The UN High Commissioner for Human Rights on Wednesday called on the Bangladesh government to establish an "impartial, independent and transparent inquiry" into allegations of enforced disappearances, extrajudicial killings and torture. I was.
At a press conference to conclude his four-day visit to Bangladesh, Michelle Bachelet also called on South Asian governments to commit to an international treaty for the protection of all persons from enforced disappearance. urged to ratify.
"Bangladesh is a party to all the major UN human rights treaties, except for that," she said, adding that "continuing alarming allegations of short- and long-term enforced disappearances and I am concerned about the lack of due process and judicial protection.
Inviting the UN Working Group on Enforced Disappearances to Bangladesh "shows our commitment to addressing this issue resolutely," said Bachelet.
The UN Rights Director-General traveled to Bangladesh on Sunday to meet with Prime Minister Sheikh Hasina, other ministers, civil society, rights activists and families of alleged victims of rights abuses.
She also visited a Rohingya refugee camp in the southern district of Cox Bazar to meet Rohingya who fled to Bangladesh in the face of persecution and killings by the Myanmar military.
On Wednesday, she attended a press conference at a hotel in Dhaka to discuss the findings.
Rights Violations Investigation
Bachelet told journalists that she was deeply concerned about serious allegations of enforced disappearances, extrajudicial killings, and torture with government officials. expressed concern, she said.
She told ministers, "Given long-standing complaints about lack of progress, we will work closely with victims, families and civil society to investigate allegations of enforced disappearances and extrajudicial killings." He called for the establishment of "coordinating, more professional mechanisms" in investigations and other obstacles to justice.
On Monday, several Bangladeshi rights activists urged Bachelet to press the government for the need for an independent commission to investigate extrajudicial killings and enforced disappearances.
When asked about such a commission, she said that different countries have different mechanisms for addressing human rights violations.

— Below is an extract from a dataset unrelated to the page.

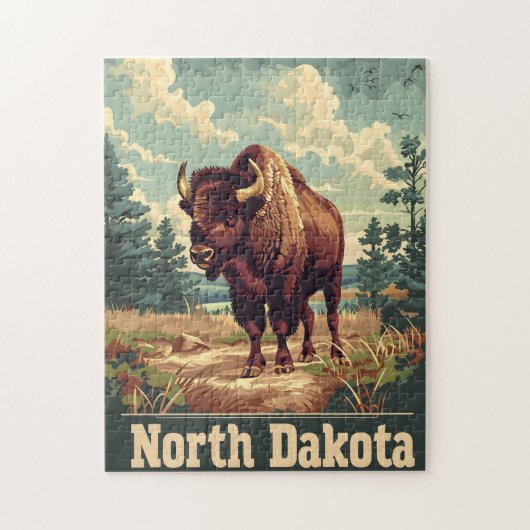North Dakota Bison Legpuzzel (Verticaal)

“Some committees are judicial, others are independent. added that it would have "a definite mandate, resources, independence and power to do the job." We are ready to offer advice on how to design along,” she added. 40}
Civil and Political Capacity
The United Nations Human Rights Report noted that in Reinforcement, intimidation, and reprisal often lead to self-censorship."
“Wanting to graduate from least developed country status is not only about improving GDP. It is also about strengthening the capacity of civil institutions,” she said in response to a question.
Ensuring “democratic and civic space, effective checks and balances, and accountability” is essential for Bangladesh to reach the next level of development. said Bachelet.
Maximize civil and political space for Bangladesh, including freedom of expression, freedom of association, peaceful assembly of political activists and human rights defenders, citing national elections scheduled for next year. She said it will be an important time to , opposition, journalist.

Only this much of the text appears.